British newcomer Carey Mulligan is already drawing Oscar buzz and Audrey Hepburn comparisons for her performance in 'An Education,' a small Sundance film out Friday in wide release by Sony Pictures Classics.
Mulligan, now 24, stars as a 16-year-old schoolgirl who falls for a much older playboy (Peter Sarsgaard) and the glamorous life he carves out for her in the drab postwar London suburbs--and ends up getting a bumpy education in the ways of the world. It's hard to predict whether a nationwide, Polanski-chastened audience will embrace a teenager's wide-eyed romance with a lover twice her age, but the story (scripted by Nick Hornby) is nuanced and sweet. Mulligan is adorable, charming and full of nascent star power.
She recently shared the stage with Sarsgaard in Chekhov's 'The Seagull' and played Kitty Bennet in 'Pride and Prejudice.' Next up: 'Wall Street 2,' in which she costars with her boyfriend, Shia LaBeouf. Mulligan talked with us about how her career has taken off--and was circumspect on the subject of Shia.
On not being a big name--yet:
"My life hasn't really changed. No one knew who I was in 'The Seagull,' and that's still the case. It's been most of the year now since Sundance, and we keep saying, 'When's it going to come out?' Peter [Sarsgaard] and I did 'The Seagull' together on Broadway and he would give me lifts home every night and he would say, 'Don't expect it to sell.' He would manage my expectations because it wasn't a particularly good year to be in an independent film."
On playing 16 at 22:
"I've always played parts younger than myself. My first job I was 15, 16 and I was 18, 19 in real life. Then I did a play where I was 14. So it wasn't really a concern to me... I didn't really think there was a huge difference between being 16 and 24. It's really small changes that you make. You're better at capping your emotions, and I made my voice a tiny bit higher because I've got quite a low voice in real life, but that was it, really."
On the letter that started her career:
"My letter was to Julian Fellowes who'd given a talk at our school when I was about 17 and about winning the oscar for 'Gosford Park' and being a screenwriter and was the only actor I'd ever met in my life. I applied to drama school and didn't get in. And in using places on my university application to apply for drama school I didn't get any places at university. My parents were quite upset at me...So I wrote to him, 'You came to my school and I met you briefly and I know that I want to act but I don't think I'm going to get through the three years before I can get back to drama school.' He took me out to dinner with a bunch of other people who'd written the same type of letters whether they wanted to be actors or writers...and I met Joe Wright and auditioned about three times for 'Pride and Prejudice' and that's how I got the job."

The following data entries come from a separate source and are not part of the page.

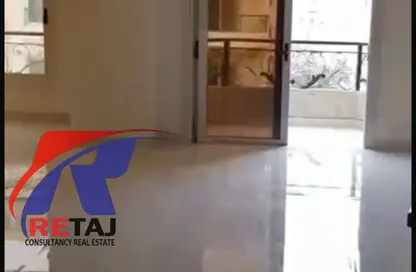 شقة - 2 غرف نوم - 2 حمامات للايجار في عمارات البنفسج - البنفسج - مدينة القاهرة الجديدة - القاهرة شقة - 2 غرف نوم - 2 حمامات للايجار في عمارات البنفسج - البنفسج - مدينة القاهرة الجديدة - القاهرة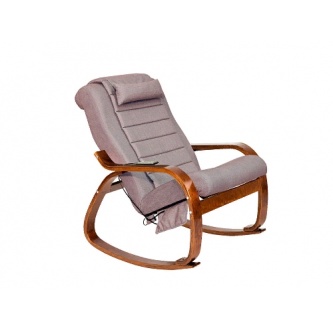 ��������� ����-������ EGO Spring Canty Relax EG2005 (������ ����������) �������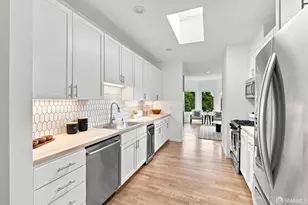 216 Putnam St, San Francisco, CA 94110 - Photo 10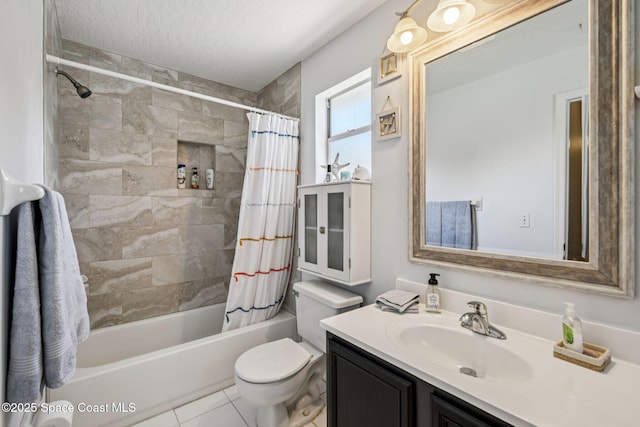 910 Deer Run Dr, Melbourne, FL 32940 - photo 14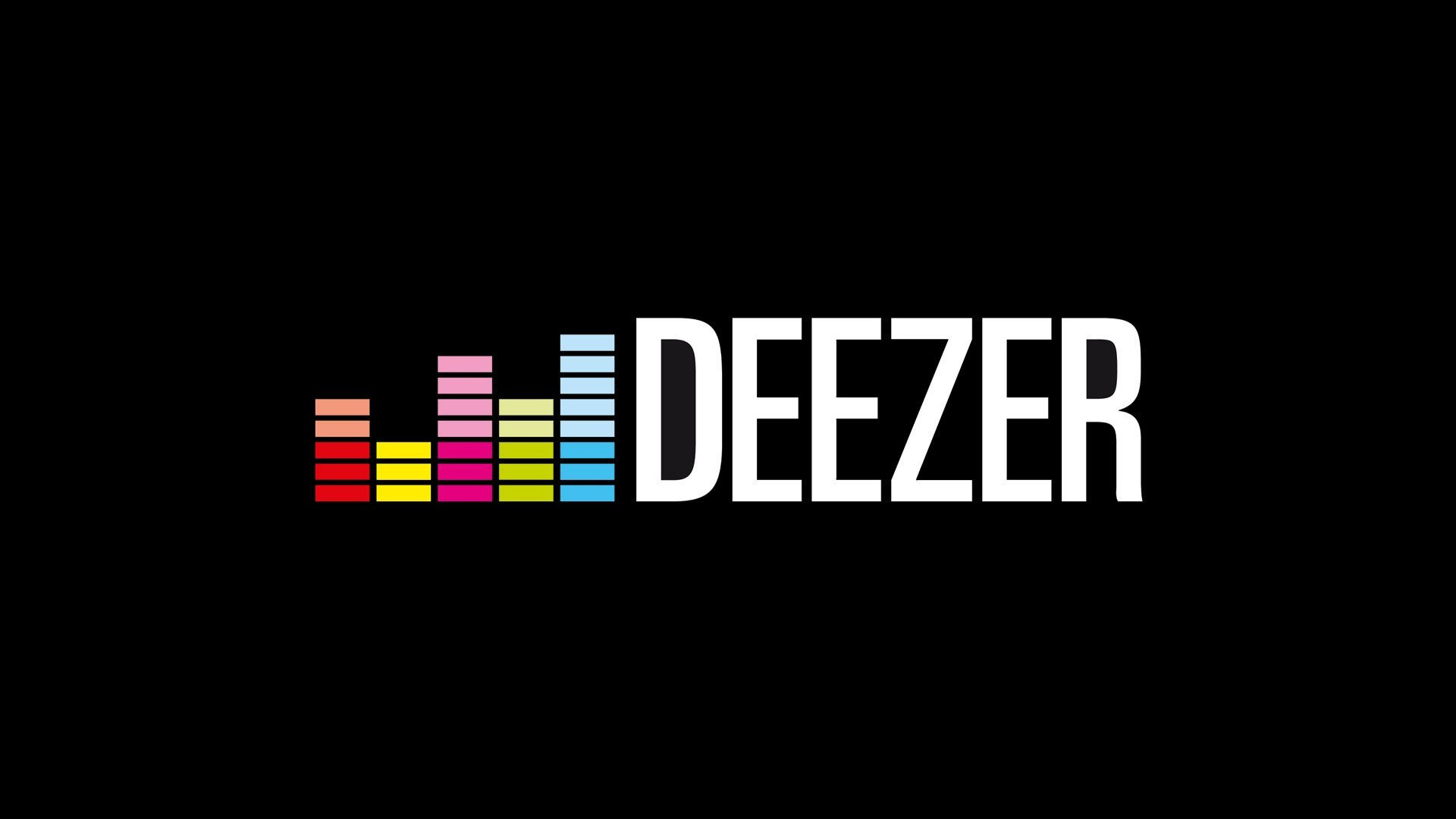 Cuenta mensual Deezer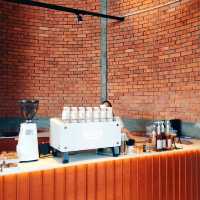 Breaking Bread: Artisanal Bakery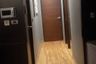 1 Bedroom Condo for Sale or Rent in Quad Silom, Silom, Bangkok near BTS Chong Nonsi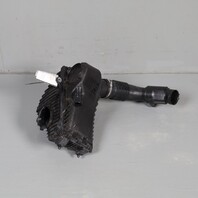 2011-2018 Porsche Cayenne Hybrid 3.0 Air Cleaner Filter Box OEM 95811002210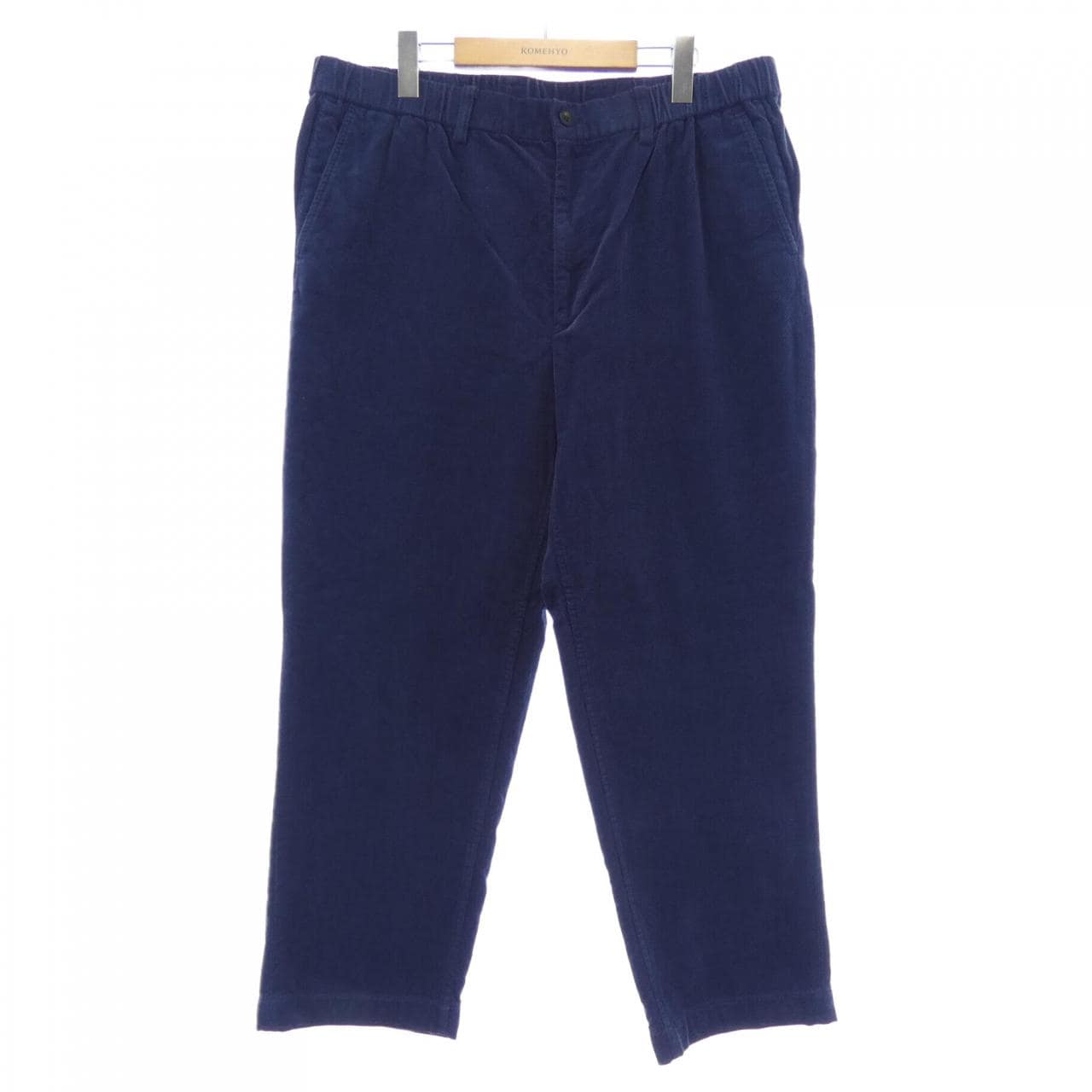 イッセイミヤケメン ISSEY MIYAKE MEN ME73FF103 パンツ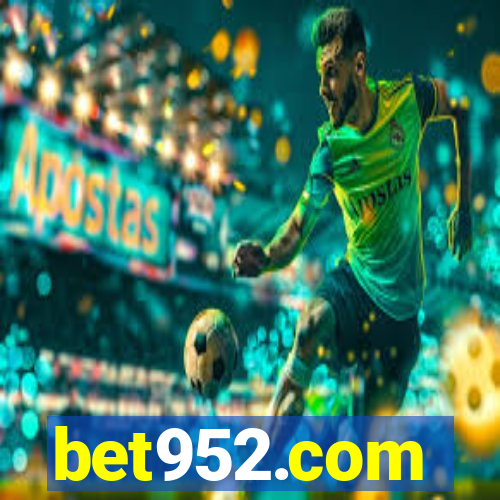 bet952.com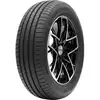 Image de Pneu MASTERSTEEL CLUBSP2 PP 175/65 R14 82T Premier Prix - Réf. 455907
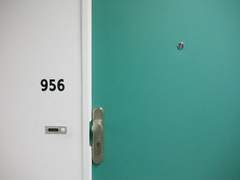 [마블_버키 반즈 드림] 존재의 위안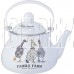 AGNESS 934-625 FAMILY FARM 1,3л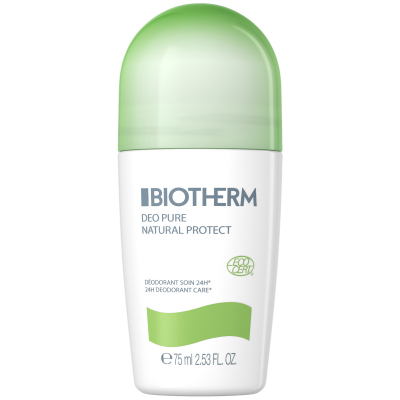 Biotherm Deo Pure Eco (75ml)
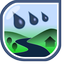 NASIM Software-Icon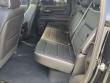 2023 GMC Sierra 1500 AT4X Pickup
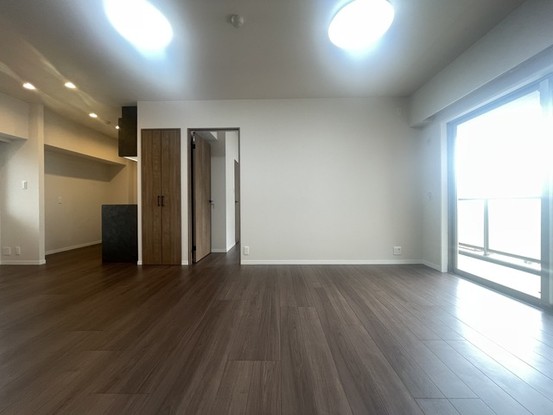 apartment 埼玉県上尾市谷津２丁目２番１号ショーサンプラザ５Ｆ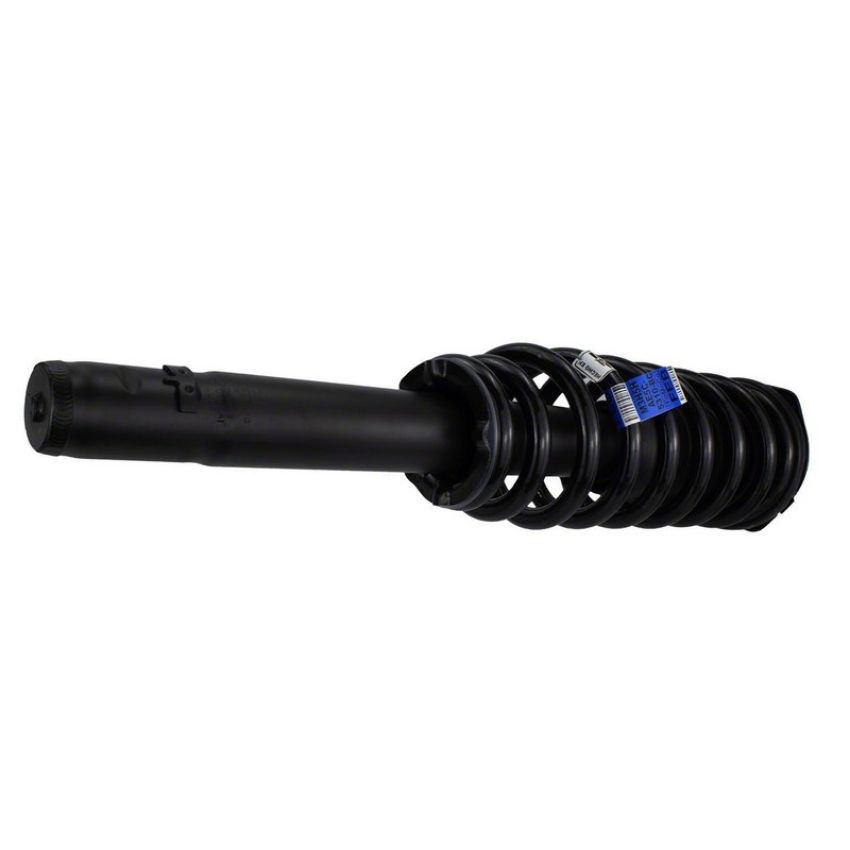 Genuine OEM JU2Z18A092A Shock and Strut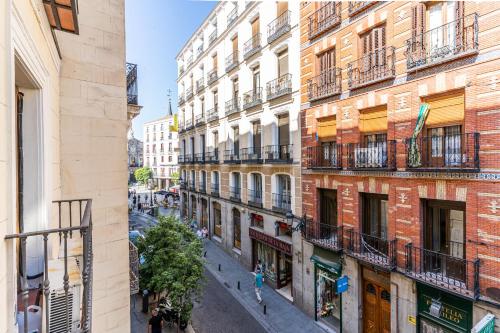 Hostal Marie Del Mar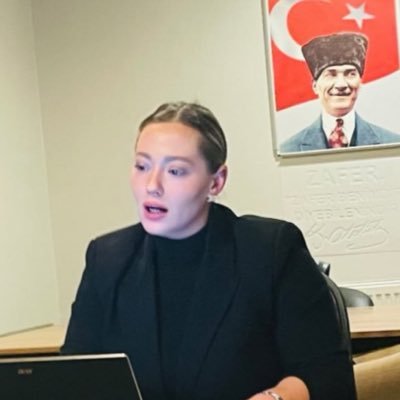 AvKubraoktay's profile picture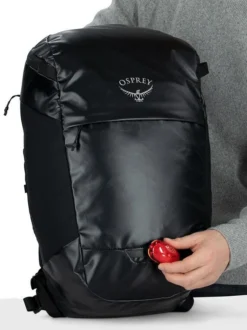 Osprey Transporter Large Zip Top -Fashion Bags 7cc935 9b7eba041e5d41d9bed122404a2b0fdbmv2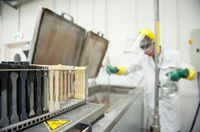 SABIC launches new NORYL™ resin for water management applications in anticipation of upcoming butadiene-free regulations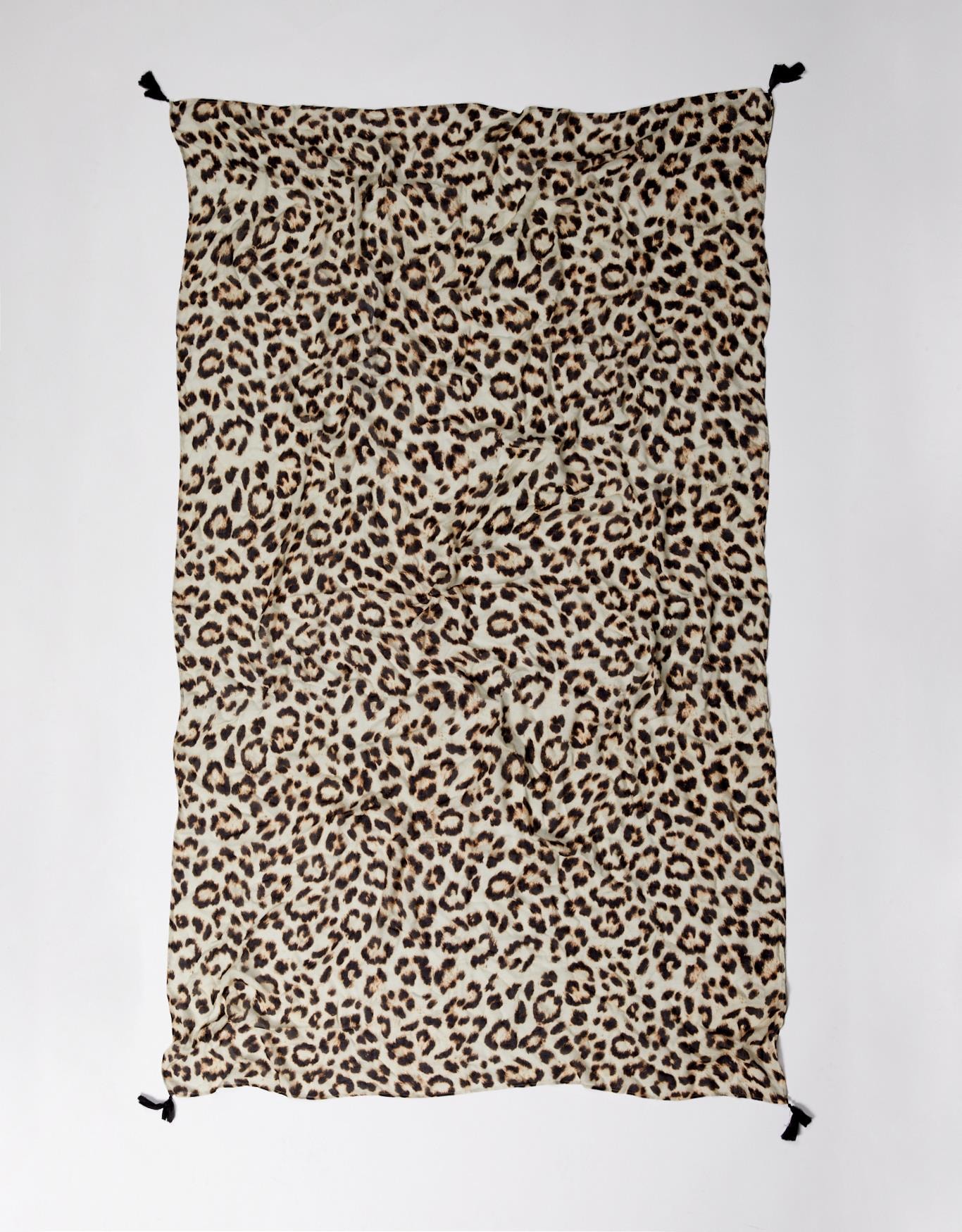 image_420461fd-304c-4486-b7fd-79b919d00823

On the superstars she's learned from:
"I didn't go to drama school, my first job was 'Pride and Prejudice' so from the beginning I've been so lucky to be surrounded by people I admire. Like Day 1, Judi Dench...I guess Emma Thompson has been the biggest female influence. Our day, because we had one day to shoot all our scenes together, I quite liked. She was amazing. She knew the first names of the whole crew by about 11 in the morning. And then in the evening we ran over by about half an hour and she got beer and wine and pizza for the whole crew and had a 'we ran over' party."
On how she met boyfriend Shia LaBeouf on the set of 'Wall Street 2' (the short version):
"We met when we had a round table read through with everyone back in August. We had about three weeks of rehearsal and now we're shooting. I play Gordon Gekko's daughter so I've gone against the finance world."